Why Your Creative Needs to Catch Up

Purchase-funnel targeting

All in-market consumers are not alike. Not only ado they differ according to their particular preferences or current life stage -- and beg to be treated differently -- but they differ according to the stage in the purchase process that they are in.

They may be just starting the process. They may be evaluating different brands. They may be focused on price and location for purchase. These different stages are frequently referred to as purchase-funnel stages. Marketers care deeply about where consumers are in this funnel, particularly within industries where the manufacturers operate through distributors and retailers and do not sell products directly to consumers, such as in the automotive industry.

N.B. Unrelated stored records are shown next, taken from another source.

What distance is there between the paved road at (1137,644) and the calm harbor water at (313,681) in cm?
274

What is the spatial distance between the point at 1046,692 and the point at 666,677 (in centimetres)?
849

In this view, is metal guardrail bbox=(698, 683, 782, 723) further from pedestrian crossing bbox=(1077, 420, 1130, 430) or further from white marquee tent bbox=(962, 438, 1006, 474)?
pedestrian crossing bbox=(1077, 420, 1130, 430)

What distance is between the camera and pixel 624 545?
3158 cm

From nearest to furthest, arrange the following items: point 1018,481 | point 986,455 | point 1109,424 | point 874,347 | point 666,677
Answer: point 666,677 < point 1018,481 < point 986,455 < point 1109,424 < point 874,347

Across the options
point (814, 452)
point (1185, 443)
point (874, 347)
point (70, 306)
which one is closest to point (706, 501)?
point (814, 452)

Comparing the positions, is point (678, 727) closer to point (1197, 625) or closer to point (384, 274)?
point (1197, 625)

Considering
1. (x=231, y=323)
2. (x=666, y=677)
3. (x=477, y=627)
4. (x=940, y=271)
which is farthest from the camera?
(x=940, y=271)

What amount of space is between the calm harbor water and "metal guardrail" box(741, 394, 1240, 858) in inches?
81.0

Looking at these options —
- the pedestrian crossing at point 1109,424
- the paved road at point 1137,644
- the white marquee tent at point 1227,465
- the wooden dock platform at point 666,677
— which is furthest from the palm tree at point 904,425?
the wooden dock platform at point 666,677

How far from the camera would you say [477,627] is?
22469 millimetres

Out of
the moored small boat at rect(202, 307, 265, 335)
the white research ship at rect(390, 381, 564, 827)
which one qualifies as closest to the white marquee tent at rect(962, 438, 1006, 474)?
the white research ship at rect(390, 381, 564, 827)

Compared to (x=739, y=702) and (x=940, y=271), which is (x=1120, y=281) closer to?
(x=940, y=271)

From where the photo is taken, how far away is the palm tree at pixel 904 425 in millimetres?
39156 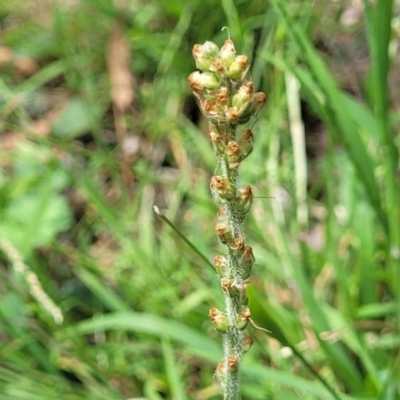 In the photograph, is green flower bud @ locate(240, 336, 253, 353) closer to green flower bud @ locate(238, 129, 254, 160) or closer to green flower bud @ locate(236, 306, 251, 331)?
green flower bud @ locate(236, 306, 251, 331)

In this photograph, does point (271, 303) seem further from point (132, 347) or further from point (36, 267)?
point (36, 267)

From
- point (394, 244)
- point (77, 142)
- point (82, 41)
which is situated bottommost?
point (394, 244)

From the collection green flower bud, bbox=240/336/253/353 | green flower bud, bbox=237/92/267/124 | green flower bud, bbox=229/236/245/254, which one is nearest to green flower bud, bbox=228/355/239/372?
green flower bud, bbox=240/336/253/353

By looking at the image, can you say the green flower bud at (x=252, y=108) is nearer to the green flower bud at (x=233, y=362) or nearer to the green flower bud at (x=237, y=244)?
the green flower bud at (x=237, y=244)

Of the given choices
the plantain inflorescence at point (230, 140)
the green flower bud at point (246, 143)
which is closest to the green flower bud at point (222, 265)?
→ the plantain inflorescence at point (230, 140)

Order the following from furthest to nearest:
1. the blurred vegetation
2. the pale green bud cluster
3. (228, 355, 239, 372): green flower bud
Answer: the blurred vegetation < (228, 355, 239, 372): green flower bud < the pale green bud cluster

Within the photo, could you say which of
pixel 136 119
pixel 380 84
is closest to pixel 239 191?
pixel 380 84

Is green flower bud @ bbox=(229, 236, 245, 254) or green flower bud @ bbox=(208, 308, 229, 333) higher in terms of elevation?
green flower bud @ bbox=(229, 236, 245, 254) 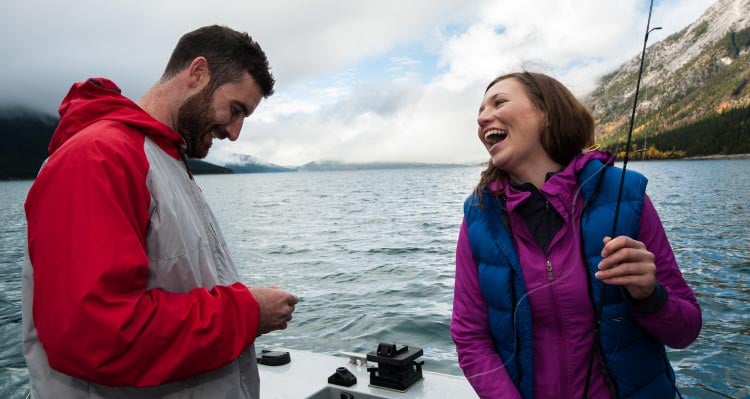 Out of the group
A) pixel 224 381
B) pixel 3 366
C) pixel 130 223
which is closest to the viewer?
pixel 130 223

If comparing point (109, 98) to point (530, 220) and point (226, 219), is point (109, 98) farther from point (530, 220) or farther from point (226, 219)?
point (226, 219)

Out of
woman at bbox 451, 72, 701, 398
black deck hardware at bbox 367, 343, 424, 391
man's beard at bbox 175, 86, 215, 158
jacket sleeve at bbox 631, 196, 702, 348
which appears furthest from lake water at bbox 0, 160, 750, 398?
man's beard at bbox 175, 86, 215, 158

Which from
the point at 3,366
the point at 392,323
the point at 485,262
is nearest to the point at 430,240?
the point at 392,323

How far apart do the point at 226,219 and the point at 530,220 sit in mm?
38237

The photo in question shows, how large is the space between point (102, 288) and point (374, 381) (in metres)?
3.05

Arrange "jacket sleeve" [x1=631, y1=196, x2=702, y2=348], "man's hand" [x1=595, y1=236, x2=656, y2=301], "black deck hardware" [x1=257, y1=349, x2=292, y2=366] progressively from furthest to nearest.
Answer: "black deck hardware" [x1=257, y1=349, x2=292, y2=366]
"jacket sleeve" [x1=631, y1=196, x2=702, y2=348]
"man's hand" [x1=595, y1=236, x2=656, y2=301]

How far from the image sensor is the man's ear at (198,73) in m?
2.33

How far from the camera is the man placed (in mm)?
1736

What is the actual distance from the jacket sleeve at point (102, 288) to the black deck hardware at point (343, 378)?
2650mm

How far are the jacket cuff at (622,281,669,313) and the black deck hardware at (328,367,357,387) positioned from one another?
274 cm

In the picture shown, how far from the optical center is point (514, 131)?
255 centimetres

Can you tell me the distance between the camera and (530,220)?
97.9 inches

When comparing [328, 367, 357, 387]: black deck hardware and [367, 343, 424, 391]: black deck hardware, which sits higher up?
[367, 343, 424, 391]: black deck hardware

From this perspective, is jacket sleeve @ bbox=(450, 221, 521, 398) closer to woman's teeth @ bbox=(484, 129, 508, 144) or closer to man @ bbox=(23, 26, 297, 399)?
woman's teeth @ bbox=(484, 129, 508, 144) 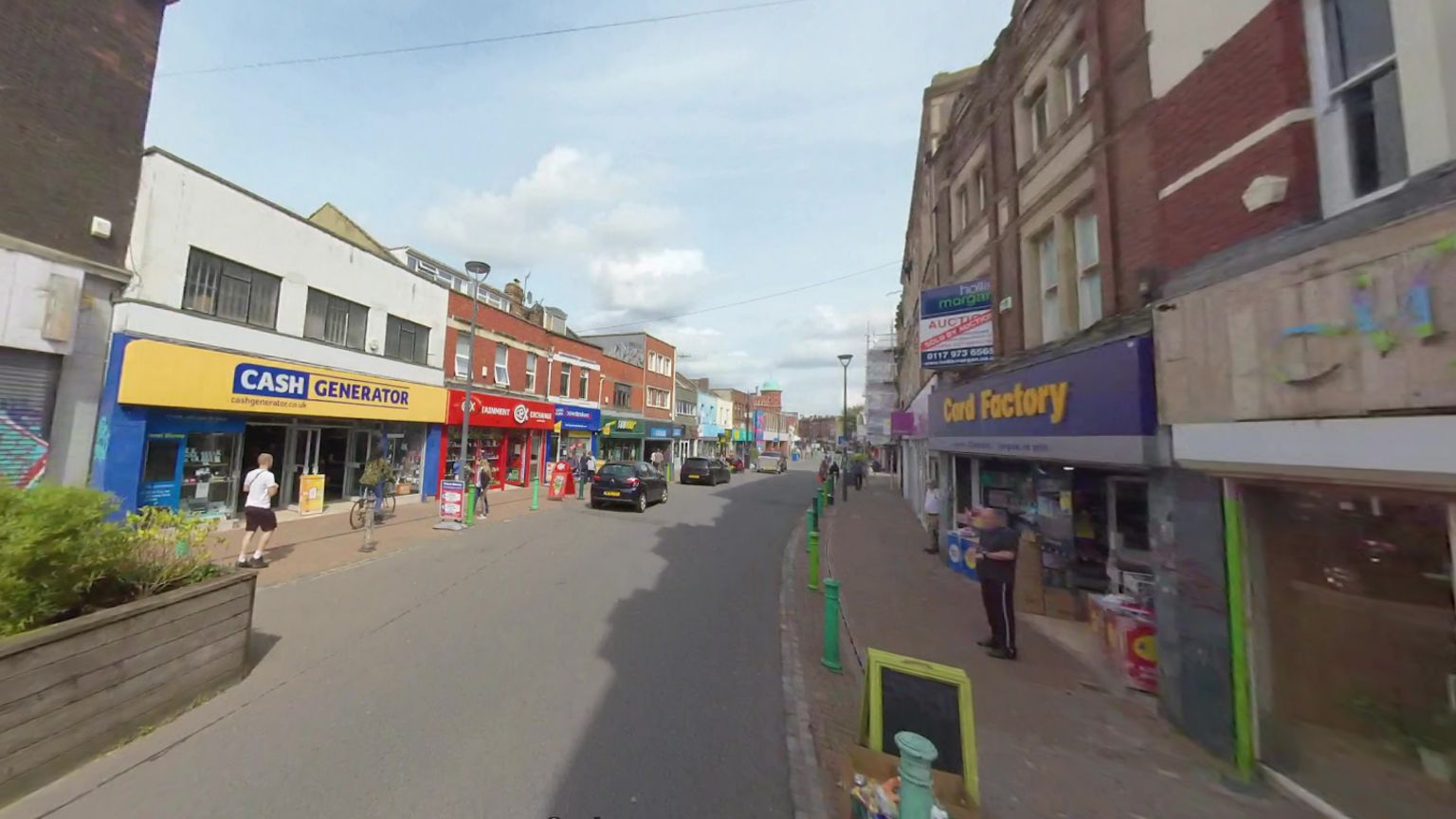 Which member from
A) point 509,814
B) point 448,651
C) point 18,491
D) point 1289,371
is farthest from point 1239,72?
point 18,491

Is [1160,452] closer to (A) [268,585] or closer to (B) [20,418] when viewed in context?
(A) [268,585]

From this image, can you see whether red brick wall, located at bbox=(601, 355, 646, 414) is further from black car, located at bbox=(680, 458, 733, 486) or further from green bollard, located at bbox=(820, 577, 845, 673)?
green bollard, located at bbox=(820, 577, 845, 673)

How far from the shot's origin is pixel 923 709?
10.6 ft

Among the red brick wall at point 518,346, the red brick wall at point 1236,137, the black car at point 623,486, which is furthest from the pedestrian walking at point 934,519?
the red brick wall at point 518,346

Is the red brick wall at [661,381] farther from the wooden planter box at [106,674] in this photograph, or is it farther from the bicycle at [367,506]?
the wooden planter box at [106,674]

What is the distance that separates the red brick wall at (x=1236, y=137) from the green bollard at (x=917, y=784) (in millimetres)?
4495

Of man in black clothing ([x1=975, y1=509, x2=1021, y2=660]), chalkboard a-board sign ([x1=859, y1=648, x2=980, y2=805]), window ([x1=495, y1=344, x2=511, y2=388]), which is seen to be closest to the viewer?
chalkboard a-board sign ([x1=859, y1=648, x2=980, y2=805])

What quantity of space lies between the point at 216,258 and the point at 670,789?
14.5m

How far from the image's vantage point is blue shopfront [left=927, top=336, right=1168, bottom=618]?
4914 mm

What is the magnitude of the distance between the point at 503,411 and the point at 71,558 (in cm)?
1689

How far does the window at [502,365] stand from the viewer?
818 inches

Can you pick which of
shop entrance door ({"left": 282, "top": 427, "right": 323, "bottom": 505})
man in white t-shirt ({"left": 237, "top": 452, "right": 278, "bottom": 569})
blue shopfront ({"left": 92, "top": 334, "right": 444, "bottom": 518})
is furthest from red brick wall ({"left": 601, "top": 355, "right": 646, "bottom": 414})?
man in white t-shirt ({"left": 237, "top": 452, "right": 278, "bottom": 569})

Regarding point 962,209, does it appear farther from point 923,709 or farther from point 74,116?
point 74,116

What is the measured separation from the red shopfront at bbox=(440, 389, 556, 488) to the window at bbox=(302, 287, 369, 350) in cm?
357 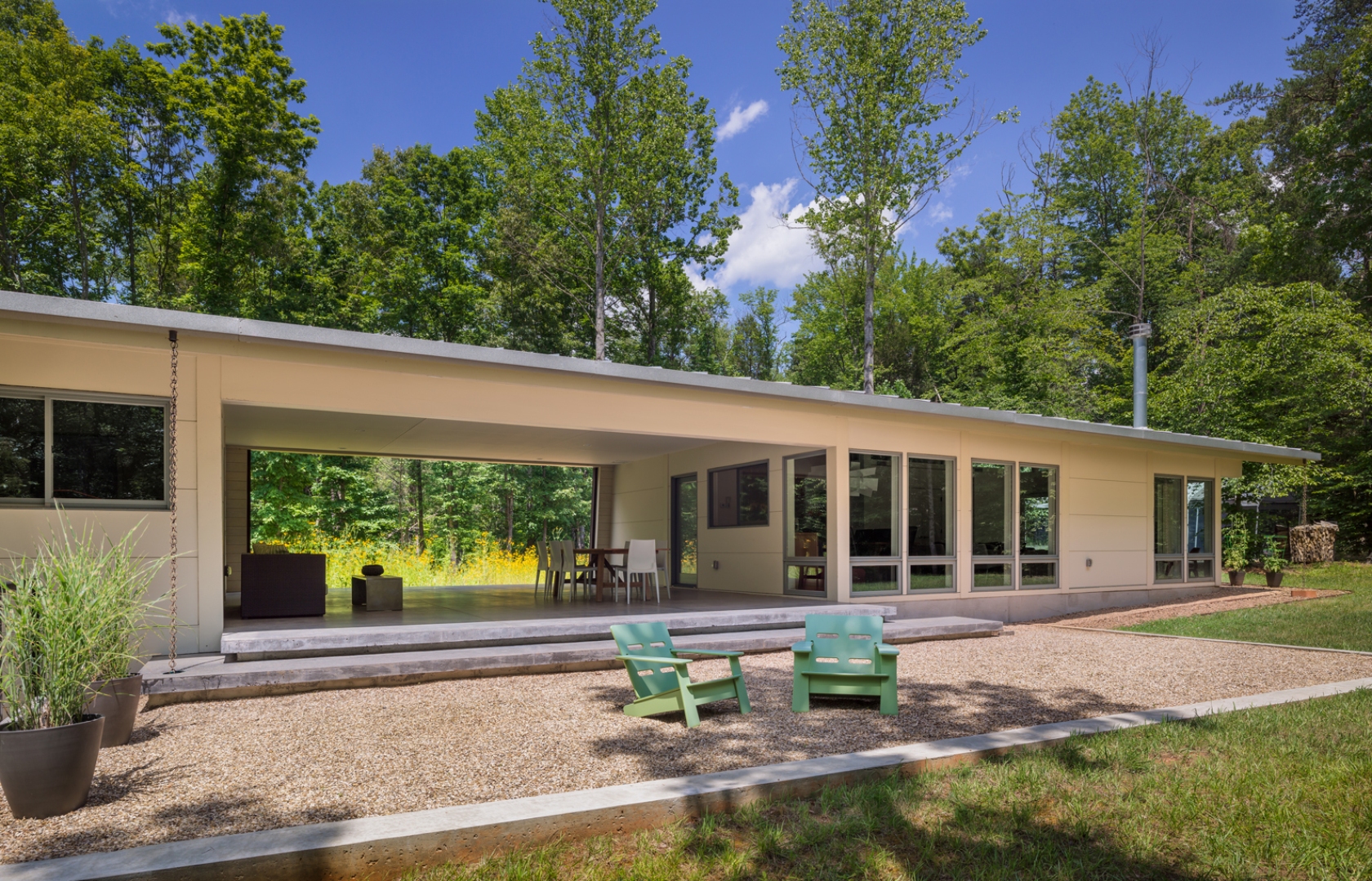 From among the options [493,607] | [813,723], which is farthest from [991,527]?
[813,723]

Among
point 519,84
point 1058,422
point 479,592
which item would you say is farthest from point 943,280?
point 479,592

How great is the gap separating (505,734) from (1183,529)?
13199 millimetres

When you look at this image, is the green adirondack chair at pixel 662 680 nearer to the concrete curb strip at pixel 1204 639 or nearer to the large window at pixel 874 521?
the large window at pixel 874 521

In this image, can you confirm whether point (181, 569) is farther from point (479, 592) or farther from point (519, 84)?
point (519, 84)

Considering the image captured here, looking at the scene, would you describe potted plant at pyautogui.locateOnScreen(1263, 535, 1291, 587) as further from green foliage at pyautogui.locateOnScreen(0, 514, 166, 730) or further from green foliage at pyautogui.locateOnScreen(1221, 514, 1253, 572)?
green foliage at pyautogui.locateOnScreen(0, 514, 166, 730)

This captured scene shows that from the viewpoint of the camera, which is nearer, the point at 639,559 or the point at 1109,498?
the point at 639,559

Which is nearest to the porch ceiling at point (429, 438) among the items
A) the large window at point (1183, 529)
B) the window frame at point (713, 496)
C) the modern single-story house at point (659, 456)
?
the modern single-story house at point (659, 456)

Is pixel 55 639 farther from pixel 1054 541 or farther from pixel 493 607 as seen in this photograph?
pixel 1054 541

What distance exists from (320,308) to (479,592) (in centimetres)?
1070

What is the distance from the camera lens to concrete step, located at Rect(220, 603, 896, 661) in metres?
6.65

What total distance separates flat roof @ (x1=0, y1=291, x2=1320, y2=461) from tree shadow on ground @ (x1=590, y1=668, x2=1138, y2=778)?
3.06 metres

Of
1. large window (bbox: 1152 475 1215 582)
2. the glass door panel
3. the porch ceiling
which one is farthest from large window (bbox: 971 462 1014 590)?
the glass door panel

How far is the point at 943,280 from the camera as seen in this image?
28.7 m

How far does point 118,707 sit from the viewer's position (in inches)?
185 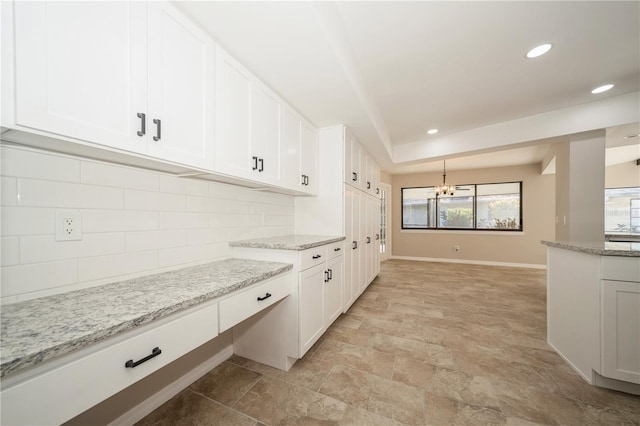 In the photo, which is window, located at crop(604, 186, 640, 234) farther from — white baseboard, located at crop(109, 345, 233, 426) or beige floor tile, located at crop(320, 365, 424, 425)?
white baseboard, located at crop(109, 345, 233, 426)

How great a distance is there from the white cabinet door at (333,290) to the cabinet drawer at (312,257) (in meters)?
0.15

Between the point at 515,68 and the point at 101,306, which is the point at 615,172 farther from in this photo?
the point at 101,306

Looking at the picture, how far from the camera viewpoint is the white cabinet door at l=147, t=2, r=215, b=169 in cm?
105

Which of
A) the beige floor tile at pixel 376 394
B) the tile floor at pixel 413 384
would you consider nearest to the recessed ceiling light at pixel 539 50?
the tile floor at pixel 413 384

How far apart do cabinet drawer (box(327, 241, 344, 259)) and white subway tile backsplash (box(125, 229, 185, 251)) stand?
46.8 inches

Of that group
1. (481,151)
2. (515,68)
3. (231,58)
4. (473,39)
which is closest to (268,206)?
(231,58)

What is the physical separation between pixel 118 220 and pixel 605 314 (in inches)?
119

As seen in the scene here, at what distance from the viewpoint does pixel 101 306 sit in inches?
Answer: 34.4

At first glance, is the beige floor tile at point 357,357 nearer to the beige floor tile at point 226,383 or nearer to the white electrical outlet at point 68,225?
the beige floor tile at point 226,383

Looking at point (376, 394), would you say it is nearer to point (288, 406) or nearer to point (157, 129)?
point (288, 406)

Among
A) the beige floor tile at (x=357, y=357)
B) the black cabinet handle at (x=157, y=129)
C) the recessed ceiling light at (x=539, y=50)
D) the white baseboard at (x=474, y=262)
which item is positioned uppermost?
the recessed ceiling light at (x=539, y=50)

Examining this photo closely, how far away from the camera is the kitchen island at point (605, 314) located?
1.42 m

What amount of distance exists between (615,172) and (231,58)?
8.00 metres

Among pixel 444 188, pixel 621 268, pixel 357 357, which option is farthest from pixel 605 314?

For example, while in-market auto buyers are of interest to both auto manufacturers and local dealers, each of them has very different interests in those consumers, depending on where in the funnel they are at the moment.

A consumer at the top of the funnel in the automotive purchase cycle is probably just sorting through the different makes and models and features. The same person six weeks later is probably in a different mindset. He or she has probably started to focus on a particular model type, may already have developed a pretty strong brand preference and is starting to care most about issues such as price and location and service. Thus, delivering a generic auto ad to all in-market consumers irrespective of their funnel position might be merely unhelpful, but it could also be harmful.

Creative mock-up for ad targeting a generic buyer

Artist's conceptualization: not a real ad

Targeting price and rebate offers to someone at the top of the funnel might cheapen that brand in the consumer's eyes just at the moment they are trying to decide on other issues such as the environmental friendliness of the brand. Targeting generic brand messages to a consumer ready to make an imminent purchase might miss the chance to close a deal.

Creative mock-up with a focus on brand attributes

Artist's conceptualization: not a real ad

In this case, not only is the message different, but the advertiser is different as well. It is the manufacturer's ad that should be shown in the former case and the dealer's ad in the latter.